No sólo del Estado o los poderes económicos viene esa violencia. El informe “Nos hacen falta”, de la Ens, observa otras amenazas. Los paramilitares atacaron no pocas veces a los sindicatos con el pretexto de que en ellos había guerrilleros infiltrados. Las Farc y el Eln llevan a cabo a su vez lo que el informe recoge como violencia en forma de “instrumento de corrección ideológica”. Las guerrillas consideran que el movimiento sindical debe moverse entre unos parámetros políticos determinados. Si no es así, asesinan al líder responsable de esa supuesta traición, señala el documento. “Es cuando se denuncia y se acusa a cierta persona u organismo que empiezan las amenazas y persecuciones”, apunta Edgar Páez, vocero del sindicato de la industria de alimentos Sinaltrainal, que alberga a trabajadores de Nestlé y Coca-Cola, entre otras empresas.
Los operarios de la planta de Nes-tlé en Bugalagrande (Valle del Cauca) llevaron a cabo una huelga de hambre en octubre de 2013 para reclamar mejoras en sus condiciones laborales. Las amenazas de Los Rastrojos, una de las bandas criminales de esa zona no tardaron en aparecer: “Declaratoria de exterminio. Guerrilleros malparidos hijos de puta sigan camuflados en Sinaltrainal como brazo ideológico de la subversión. Las protestas en la empresa Nestlé de Bugalagrande no las compartimos, como tampoco el maltrato a directivos de Nestlé y la constante calumnia a una empresa buena que brinda desarrollo social (…) de Los Comandos Urbanos de Los Rastrojos”.
Días después el trabajador miembro de Sinaltrainal Óscar López Triviño fue asesinado tras 25 años trabajando para la multinacional suiza. “Nos tuvieron que matar a 13 compañeros, dos más jubilados y la esposa de uno de ellos para que finalmente se sentaran a hablar con nosotros”, asegura Páez. “Así no es extraño que tan sólo el 3 por ciento de los trabajadores estén sindicalizados en este país”.
Nestlé ya había pasado por otro episodio similar con el asesinato de Luciano Romero, sindicalista de Si-naltrainal, en 2005. Y compañías como Coca-Cola, Chiquita Brands y la minera Anglogold Ashanti también se han visto envueltas en escándalos por vínculos con el paramilitarismo.

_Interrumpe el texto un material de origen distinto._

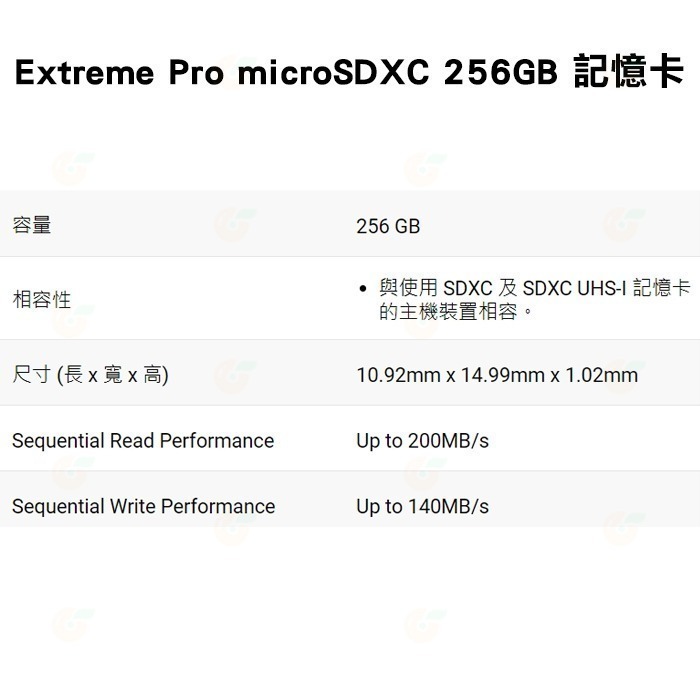 SanDisk Extreme Pro microSDXC 256G 256GB 200MB/s 記憶卡 公司貨 A2-細節圖4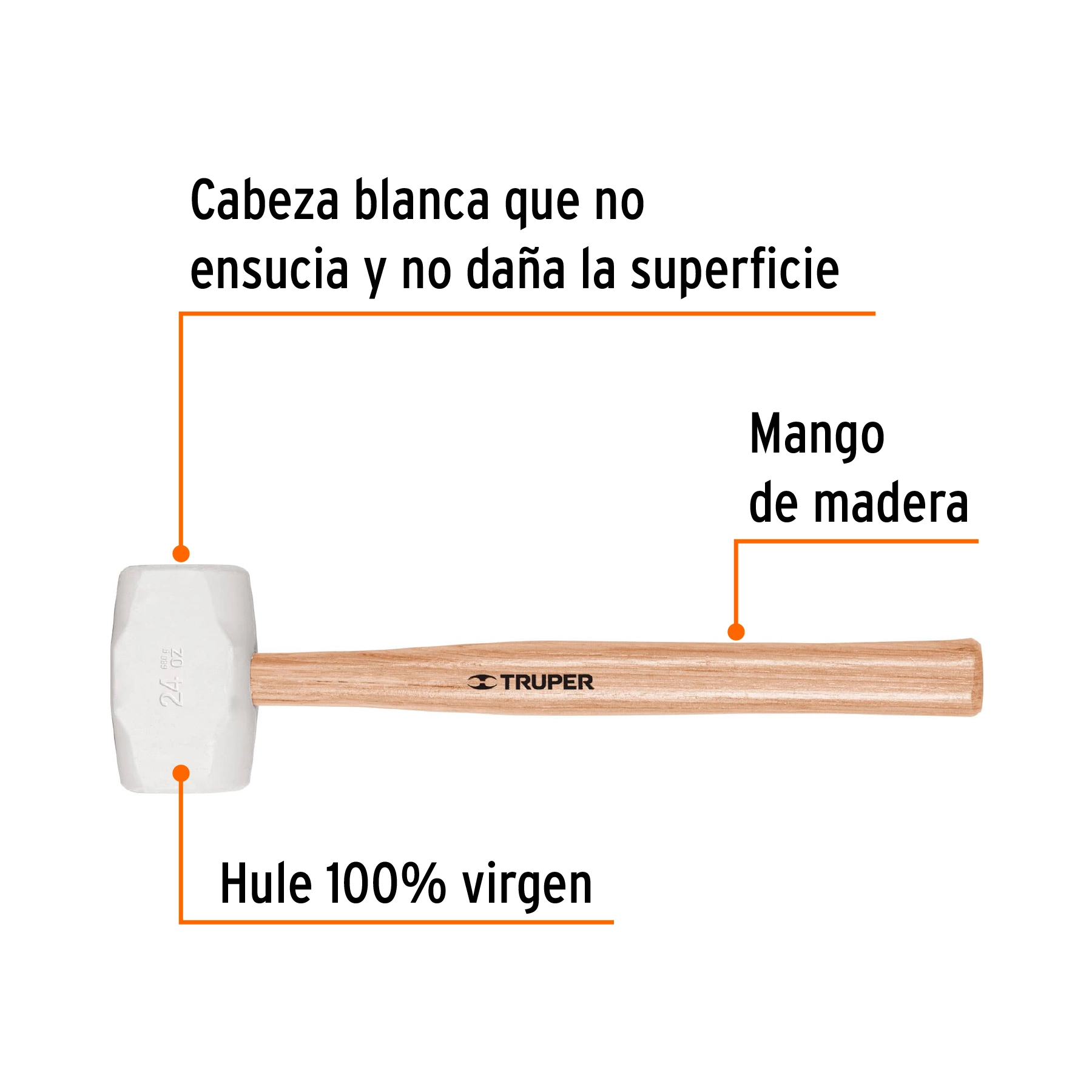 Mazo de hule 24 oz, TRUPER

Javier Orozco estaba muy cansado de ver como “asesinaban a compañeros”. Formaba parte de la dirección general de la Cut en Bogotá, pero al igual que Alexandra Bermúdez decidió poner punto final a la inseguridad viajando a España. Hoy vive en Asturias, donde coordina el Programa Asturiano de Derechos Humanos. “De los más de 3 mil asesinatos, 500 se atribuyen a la policía, unos 100 a la Fiscalía… ¡A la Fiscalía! Y unos 2 mil a los paramilitares. Y de todos ellos, el 97 por ciento queda sin investigar.”
Según Alexandra Bermúdez la solución pasa por un cambio de modelo social y económico. “Hay que ir más allá de la consecución de la paz en las negociaciones de La Habana con las Farc. Hay que acabar con el conflicto armado, pero también con el conflicto social. Hay que consultar y tener en cuenta a los movimientos de base para la construcción de un nuevo modelo de país.” Y las trasnacionales europeas y estadounidenses que trabajan en Colombia deben a su vez explicar “por qué en una relación laboral normal se ha asesinado a miles de trabajadores”.